El Vaticano, a quien interesa por encima de todo la libertad pastoral, aspira a re-evangelizar Cuba y una América Latina en la que el protestantismo le arrebata feligresía sin cesar, pero que aún agrupa al 35% de los 1.200 millones de católicos que la Iglesia tiene censados. Y así es como se ha inaugurado el primer seminario fundado en el país en el último medio siglo, San Carlos y San Ambrosio, cerca de La Habana; se especula con que el pontífice eleve a venerable al sacerdote Félix Varela, uno de los precursores de la independencia, que comenzó como monárquico partidario de Fernando VII y murió como republicano al frente de una parroquia de Estados Unidos mediado el siglo XIX; no recibirá a disidentes, igual que hizo caso omiso de una carta firmada por 750 activistas de los derechos humanos, en la que se le pedía que no confortara la dictadura con su visita. La jerarquía cubana ya se había abstenido de condenar en 2010 la muerte por huelga de hambre de Orlando Zapata, y el mismísimo Jaime Ortega, cardenal y arzobispo de La Habana, glosaba en febrero del año pasado “la buena marcha” de la reforma. Como moneda de cambio, o no, la Iglesia obtuvo —conjuntamente con el Gobierno socialista español— la libertad de 115 presos políticos.
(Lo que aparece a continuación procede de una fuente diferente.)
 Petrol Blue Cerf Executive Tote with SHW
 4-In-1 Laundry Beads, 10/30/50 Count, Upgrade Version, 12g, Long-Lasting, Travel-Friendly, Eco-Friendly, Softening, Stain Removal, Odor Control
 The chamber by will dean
El Papa llegaba a La Habana, y no por casualidad, después de que se aprobara el plan de reforma, así como de que se confirmase a Raúl como presidente y sucesor de Fidel, en el VI Congreso del partido comunista cubano, celebrado en abril de 2011. Brasil, con visitas oficiales y medidas declaraciones que reivindicaban su soberanía internacional ante Washington, es la otra potencia que deposita su confianza en esa evolución del poscastrismo.
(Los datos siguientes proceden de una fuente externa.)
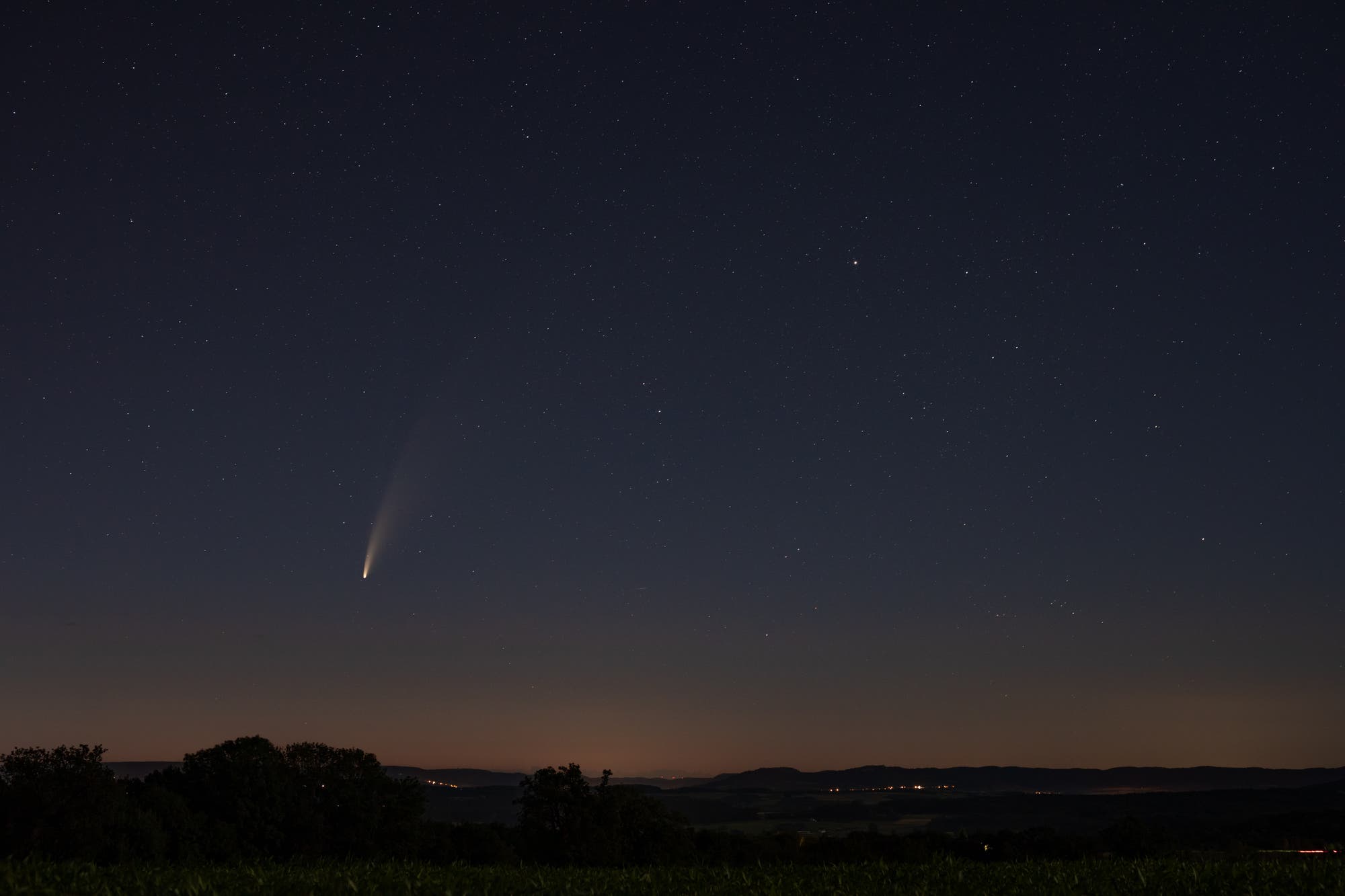 Komet Neowise am 12. Juli 2020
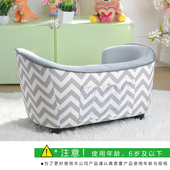 儿童沙发爱宝宝小沙发椅卡通布艺迷你宠物沙发婴幼儿布艺圈椅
El ambiente de fin de reinado —el del castrismo clásico— lo refuerza el propio Fidel con la publicación en los últimos seis años de cuatro libros de memorias: Biografía a dos voces con Ignacio Ramonet, en 2006, La ofensiva estratégica, y La victoria estratégica, en 2010, y este año, Guerrillero del tiempo. Ese legado se presenta nada menos que como la historia de la nación en forma de autobiografía del fundador y patriarca. Pero las dificultades para que ese plan, relativamente abierto, se realice son considerables. La salud del presidente venezolano, Hugo Chávez —el del petróleo a precios de saldo— y su eventual derrota en las elecciones del próximo octubre le harían mucho daño a una transición que solo puede justificarse por el éxito económico. Y, finalmente, hay que contar con dos clases de radicales que quieren que el plan fracase. Los de Miami, que aborrecen cualquier intento de reforma para que el régimen se ahogue en su propia impotencia, y a la muerte del último Castro se extinga por sí mismo; y los de la isla que, con el establecimiento de algún sistema meritocrático, temen perder los privilegios con los que se premia la fidelidad.
El exalumno de los jesuitas del Colegio de Belén recibirá probablemente cuando se compruebe si funciona el plan sucesorio, lo que tanto le preocupa: el veredicto de la historia.